The power of ML, combined with vast amounts of data, makes it easy to understand its growing popularity in species conservation. From decision trees to artificial neural networks, multiple ML methods have been applied with variable success; a trend that can only grow in the future, as we accumulate more data and try to answer increasingly complex questions. The growth in the use of multiple ML methods has been so fast that it is hard for a conservation researcher to keep up with all the possibilities, advantages and limitations of each method to answer a particular question. Towards this end, multiple researchers have authored reviews on ML use in conservation and related fields. However, these have focused so far on specific aspects of conservation analysis, such as red-listing (Cazalis et al. , 2022); preliminary tasks common for many conservation analyses, like species distribution modelling (SDM) (Elith et al. , 2006); specific groups of methodologies like Bayesian methods or neural networks (McCarthyet al. , 2005; Stupariu et al., 2022); or have otherwise constituted opinion papers or non-systematic reviews (Thessen et al. , 2016; Liu et al. , 2018; Christin et al. , 2019; Pichler & Hartig, 2022).
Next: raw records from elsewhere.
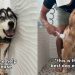 Husky & Golden Retriever’s Bath Times Look Very Different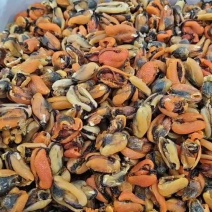 淡菜干度好，鲜度佳，质量上乘。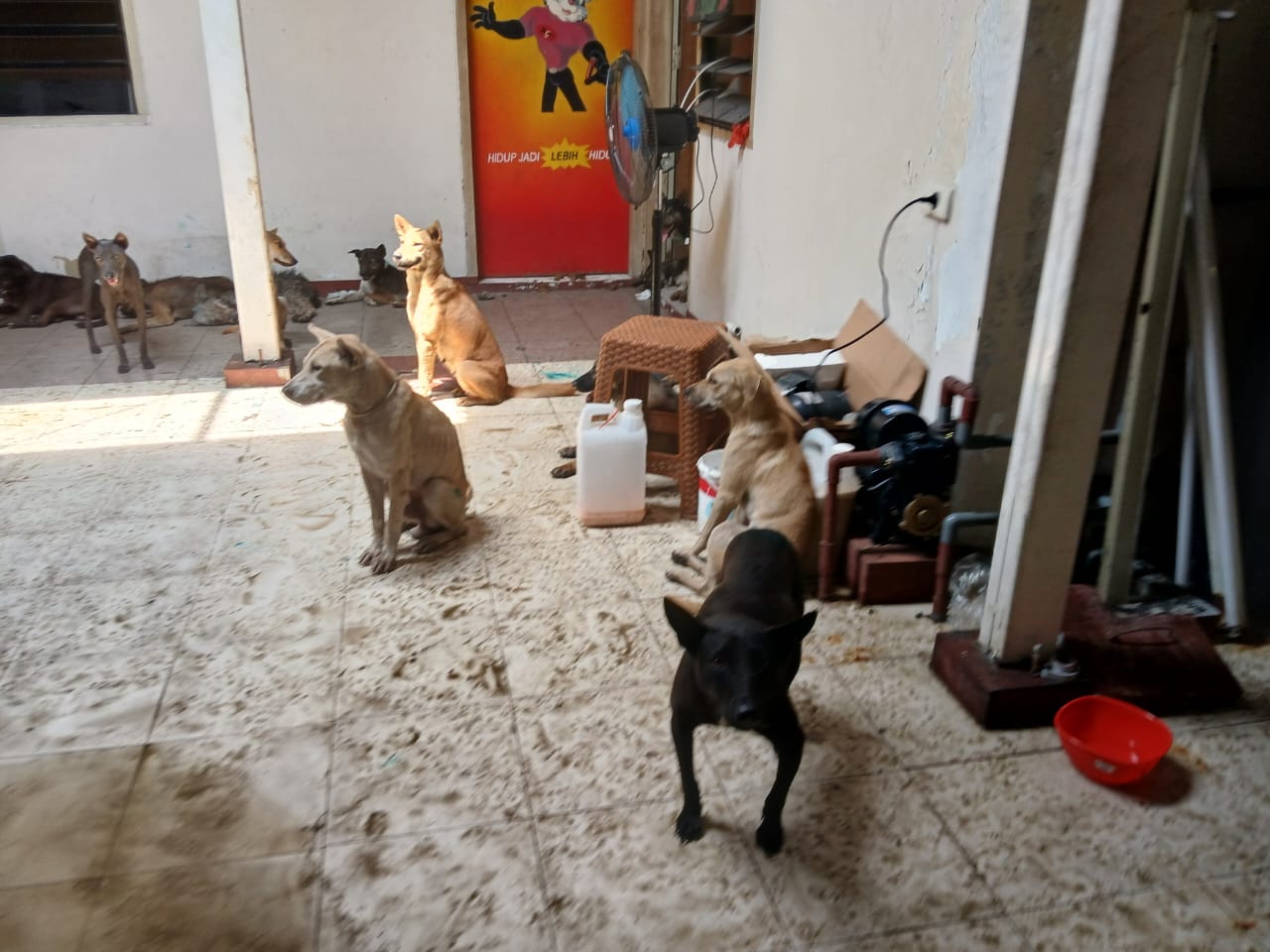 Polisi gagalkan pengiriman 226 ekor anjing dari Subang ke Sragen untuk dijagal Polisi gagalkan pengiriman 226 ekor anjing dari Subang ke Sragen untuk dijagal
A systematic review of the uses, advantages and disadvantages of each method and application in species conservation is still lacking. In this review, we systematically summarise the various uses and methodologies of machine learning in the context of species threat and conservation studies, highlighting current trends (2011–2021), and report how and when different methods are used in different key problems.